# Black Ice ?



## tropicmaster (Dec 20, 2009)

Anybody know whats going on with the guy who does it? My bookmark for his website says "disabled". I googled and ended up at the same disabled website. Any info would be appreciated- I have 2 pistols I want to send to him.


----------



## Baldy (Jun 21, 2006)

Huh, who are you talking about?? Somebody named Black Ice?? Never heard of him..:smt033


----------



## tropicmaster (Dec 20, 2009)

Baldy said:


> Huh, who are you talking about?? Somebody named Black Ice?? Never heard of him..:smt033


I cannot remember the guys name but he had a business that applied Teflon ( black ice ) to rifles and pistols. Really made a nice looking piece as well as being totally corrosion proof. I have since sold it but I had a rifle I had him do and it was awesome looking. I'll dig around and see if I can find an old pic.


----------



## bruce333 (Sep 1, 2006)

tropicmaster said:


> My bookmark for his website says "disabled". I googled and ended up at the same disabled website.
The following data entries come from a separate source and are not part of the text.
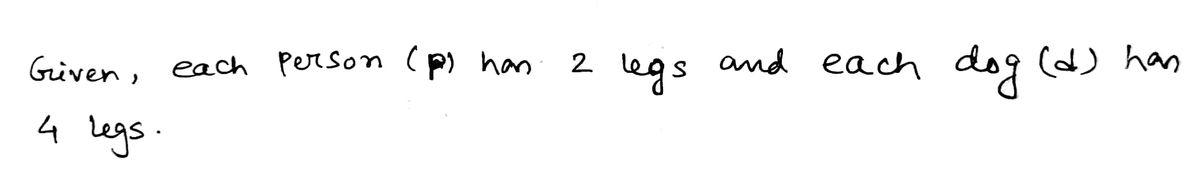 Algebra homework question answer, step 1, image 1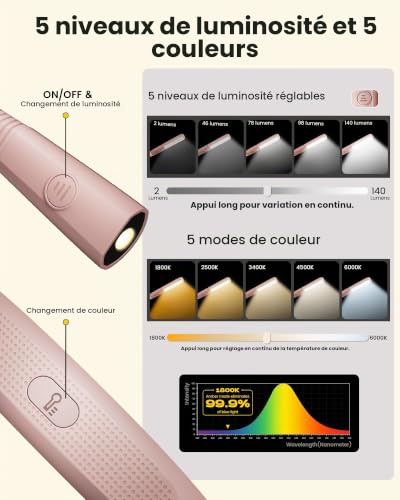 Glocusent Lampe de Lecture de Cou Rechargeable, Liseuse Lampe Lecture pour Lire au Lit - 5 couleurs et Intensité Réglable, 100 Heures Autonomie, pour Lire au Lit/Tricoter/Bricoler/Camper (Rose) – vue 3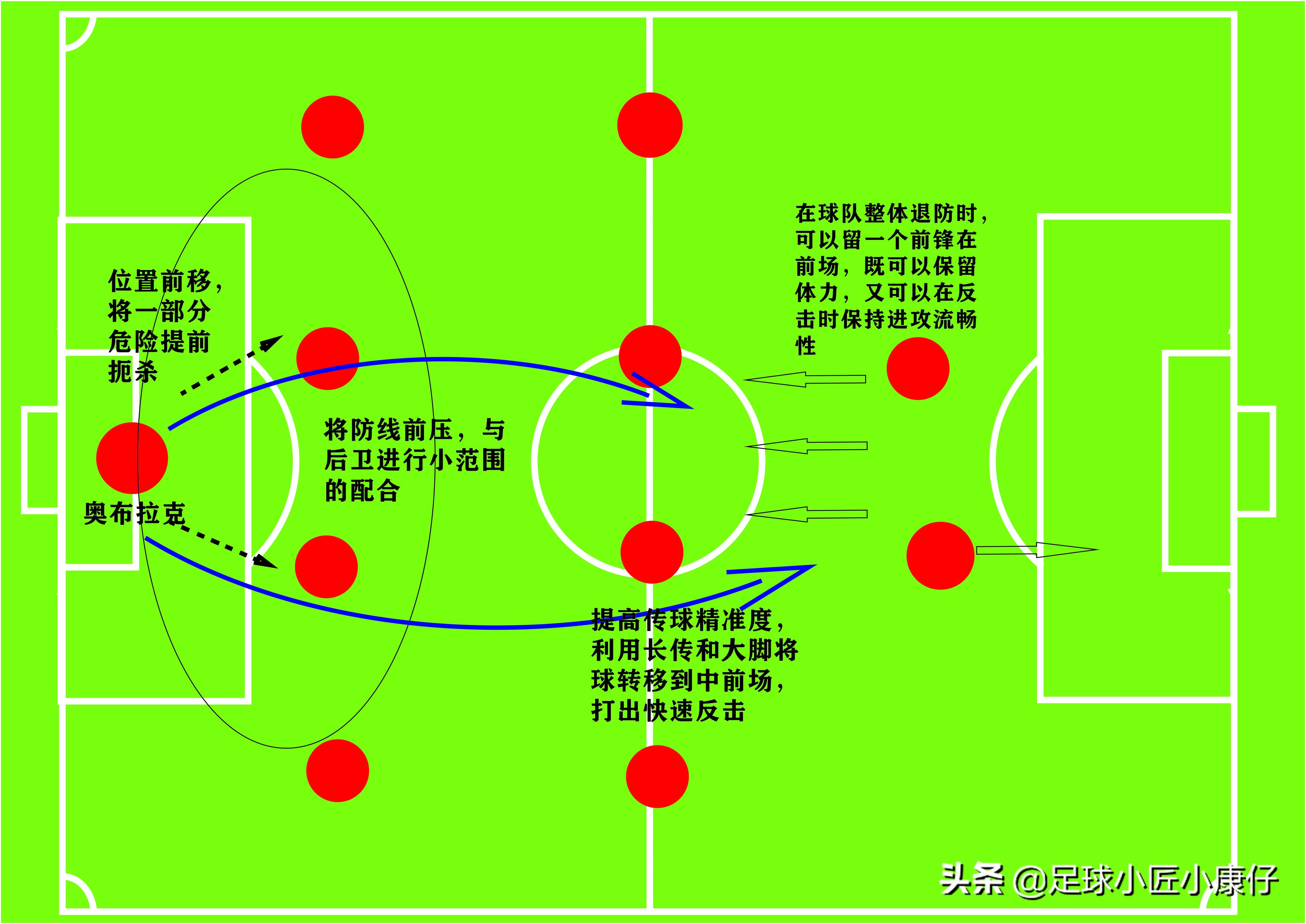深度｜奥布拉克，上弦之箭飞如虹，床单军团的铜墙铁壁
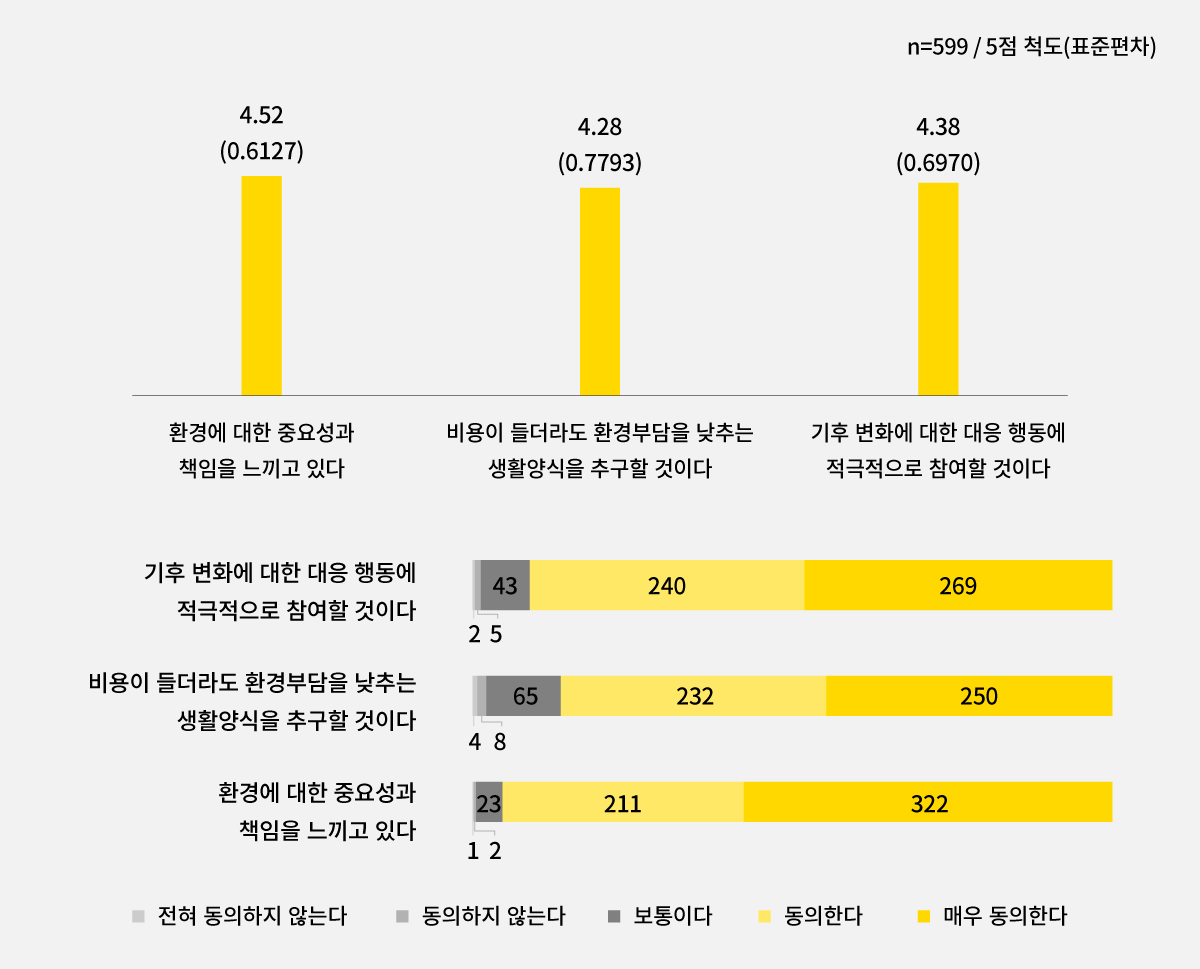 기후 변화 대응에 대한 행동양식 인식 결과
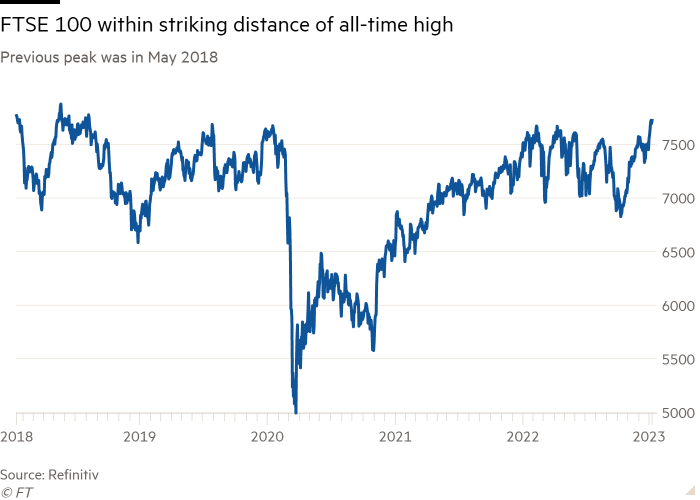 Line chart of Previous peak was in May 2018 showing FTSE 100 within striking distance of all-time high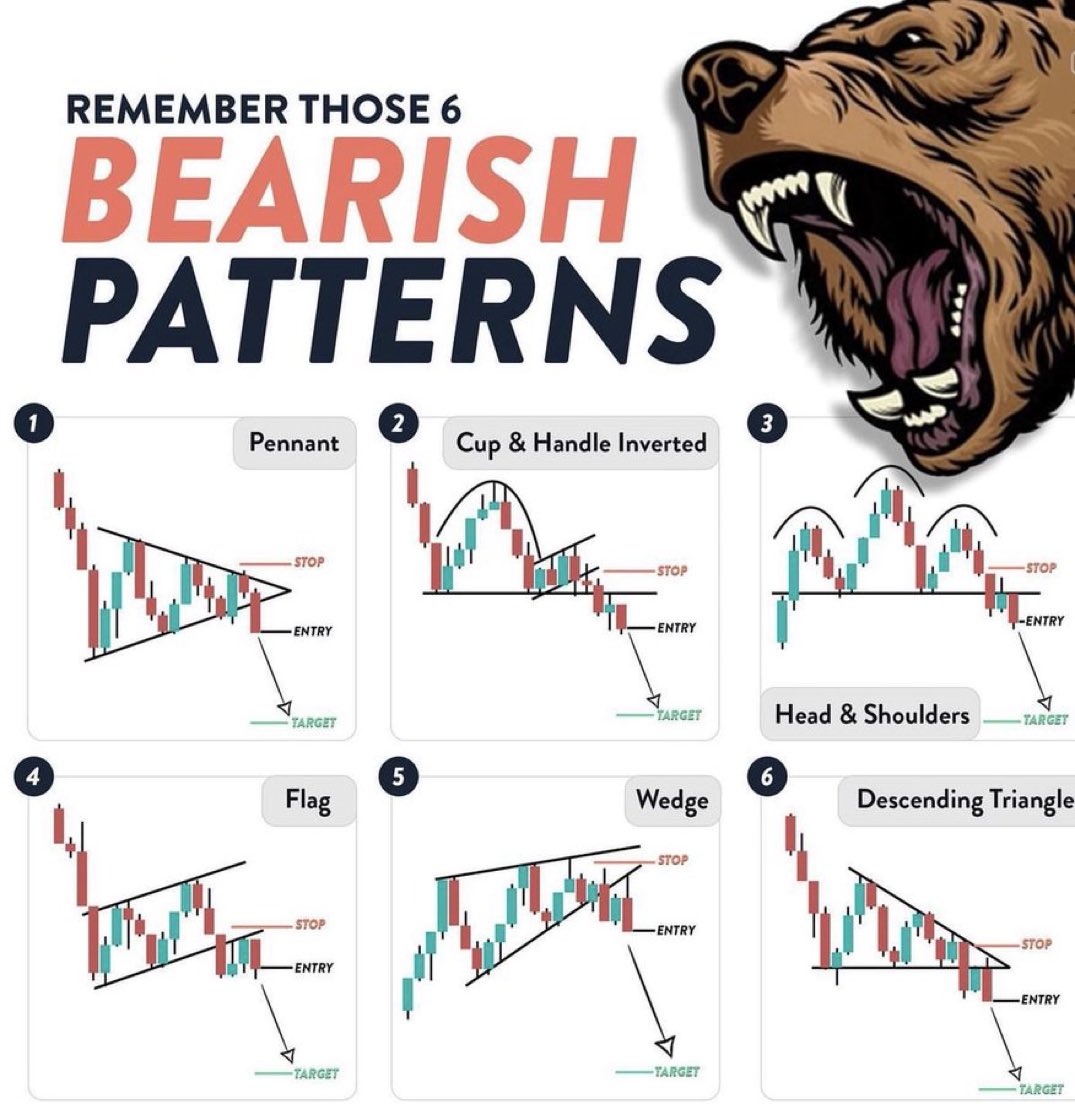 PBInvesting's tweet photo. Study these Bearish patterns to help you while shorting 🔥 https://t.co/P6qgtwrU41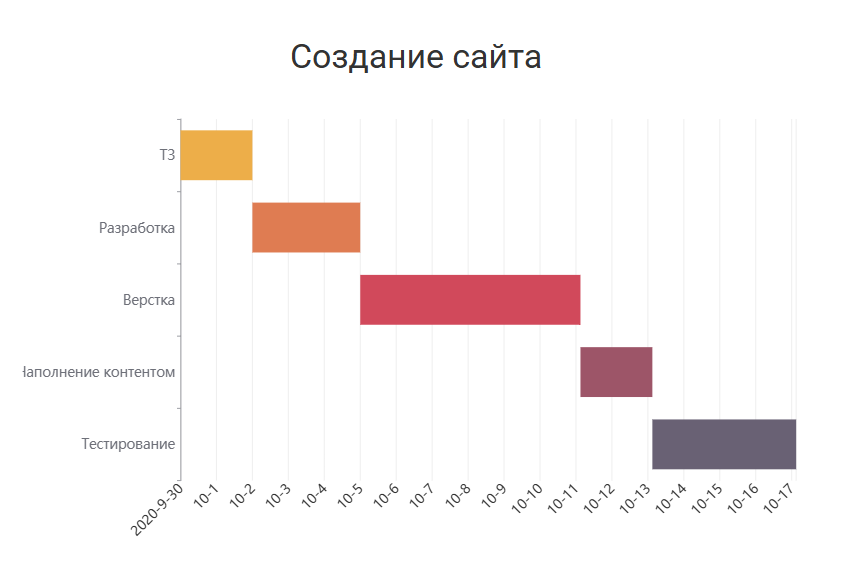 Простая диаграмма Ганта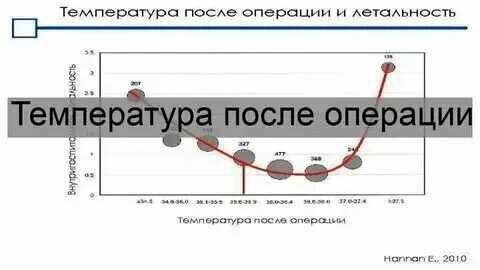 Температура 37 после операции это. Температура 37 после операции это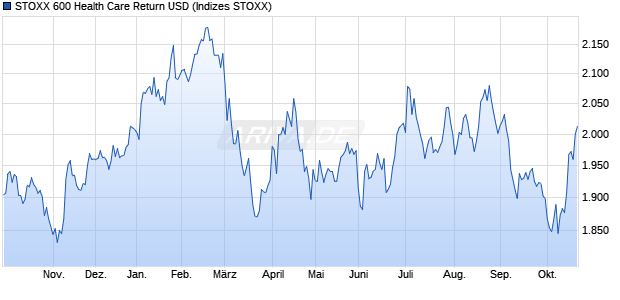 STOXX 600 Health Care Return USD Chart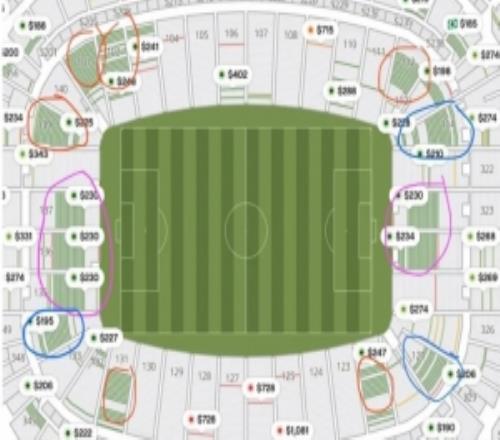 电讯报：FIFA被指控用二手渠道低价卖世界杯门票，以避免退差价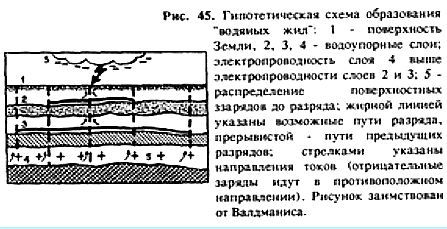 Биопатогенные зоны – угроза заболевания - _43.jpg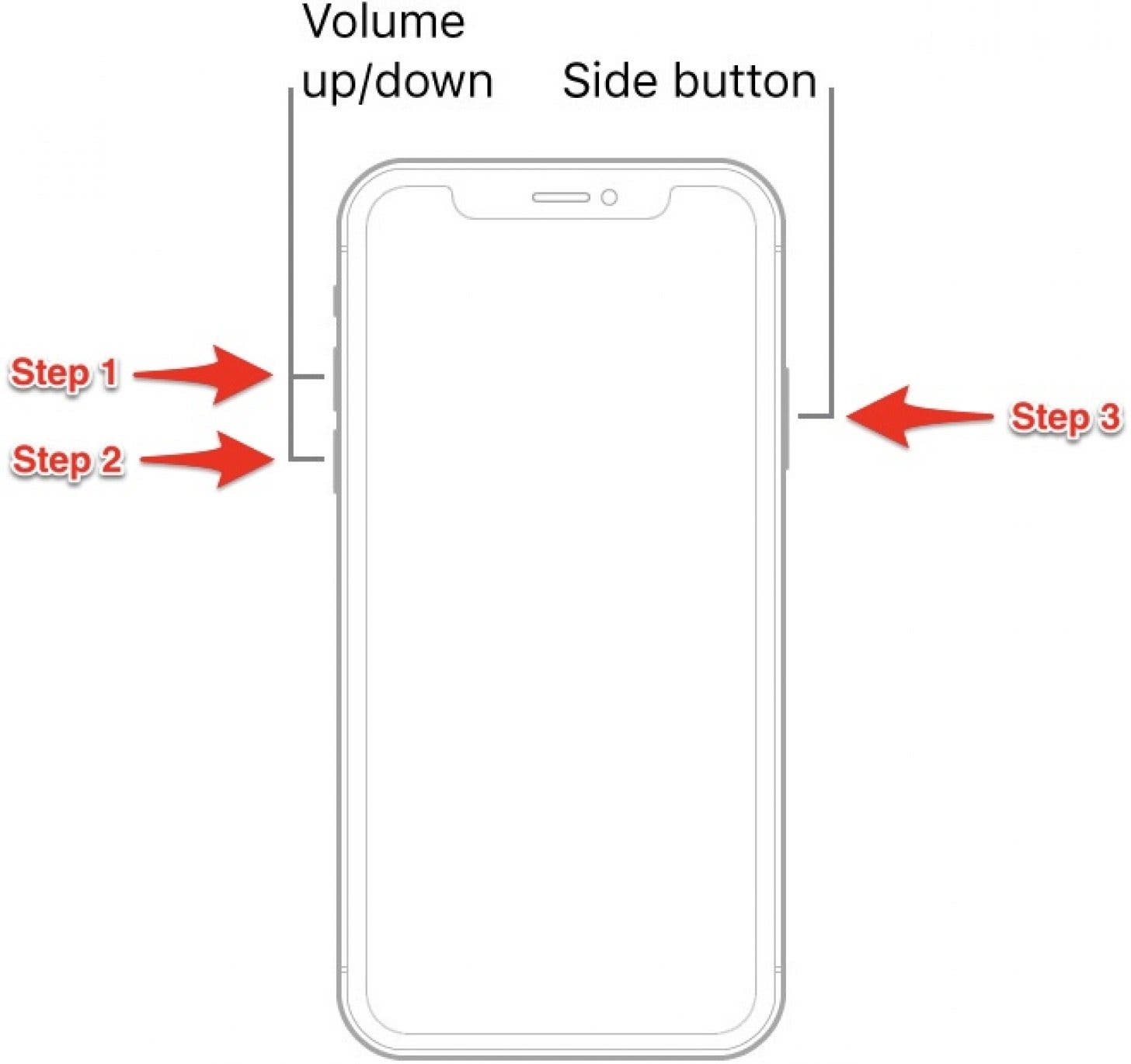 Do a force restart to reboot your iPhone.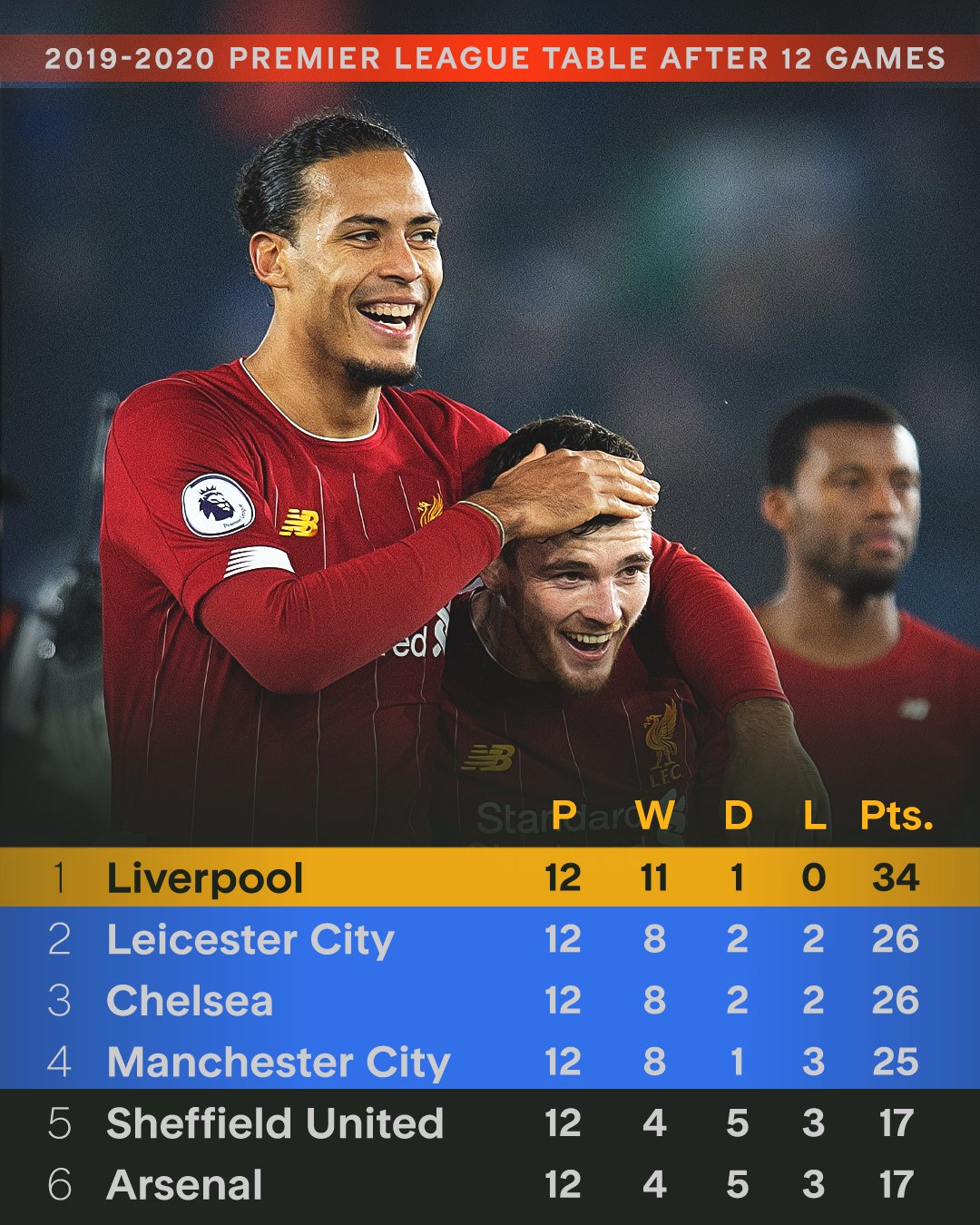 开云开户-里程碑夜！利物浦外线爆发，全明星赛今晚刷纪录，更衣室稳定，身体对抗强度拉满(利物浦胜继续领跑)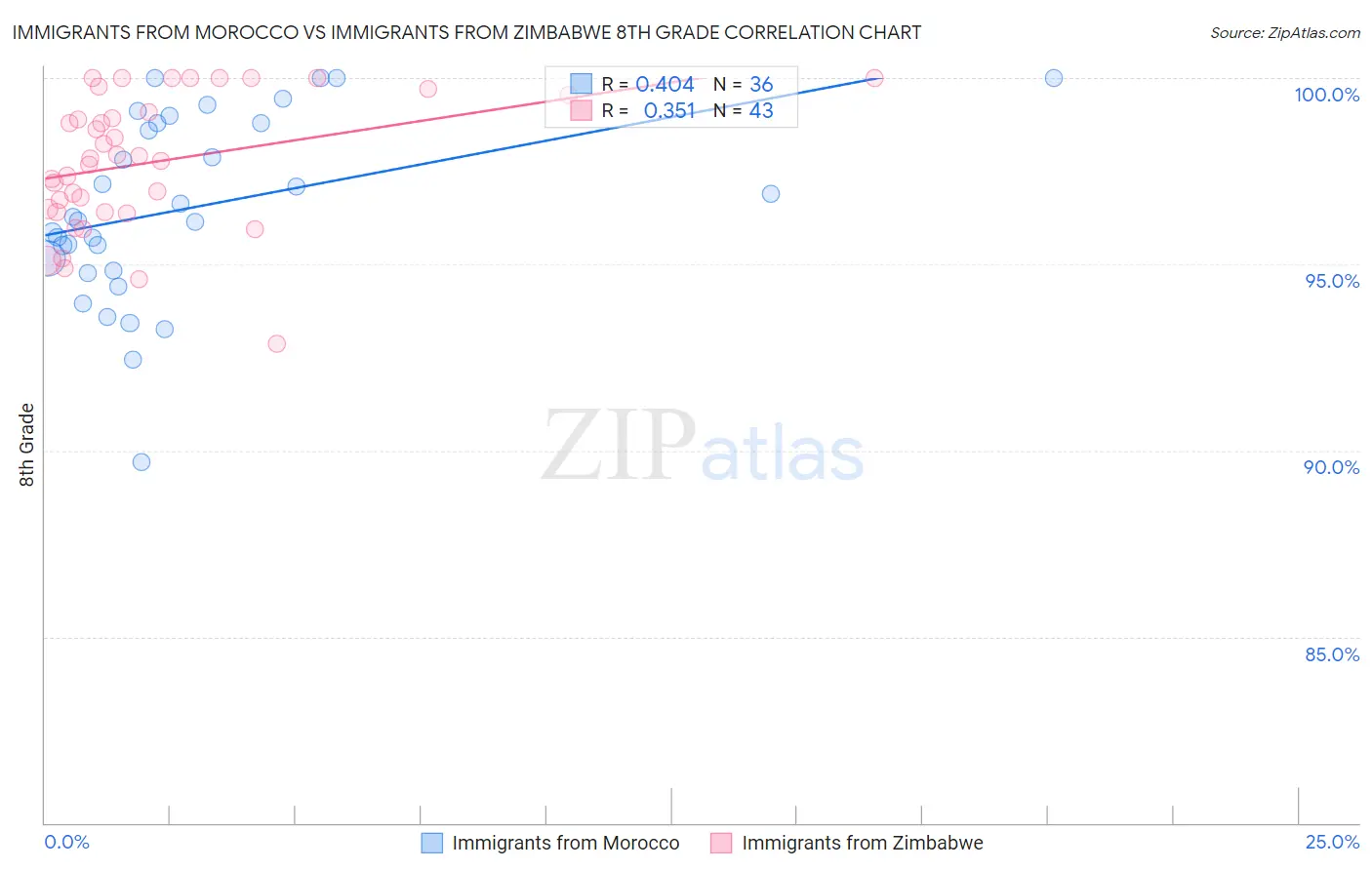 Immigrants from Morocco vs Immigrants from Zimbabwe 8th Grade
That usually means he didn't pay his bill with the hosting Company, or exceeded the bandwidth limit, or he has gone out of business.

How long ago did you send the rifle to him?

edit: Google has a cached page (dated May 15th so it was working 2 weeks ago) from the site with the address and phone number:

OUR ADDRESS:
1916 NORTH 300 WEST
SPANISH FORK, UTAH 84660
801-361-6388


----------



## tropicmaster (Dec 20, 2009)

bruce333 said:


> That usually means he didn't pay his bill with the hosting Company, or exceeded the bandwidth limit, or he has gone out of business.
> 
> How long ago did you send the rifle to him?
> 
> ...


Thats the guy, I remember the town name being pretty unusual. Thanks man!


----------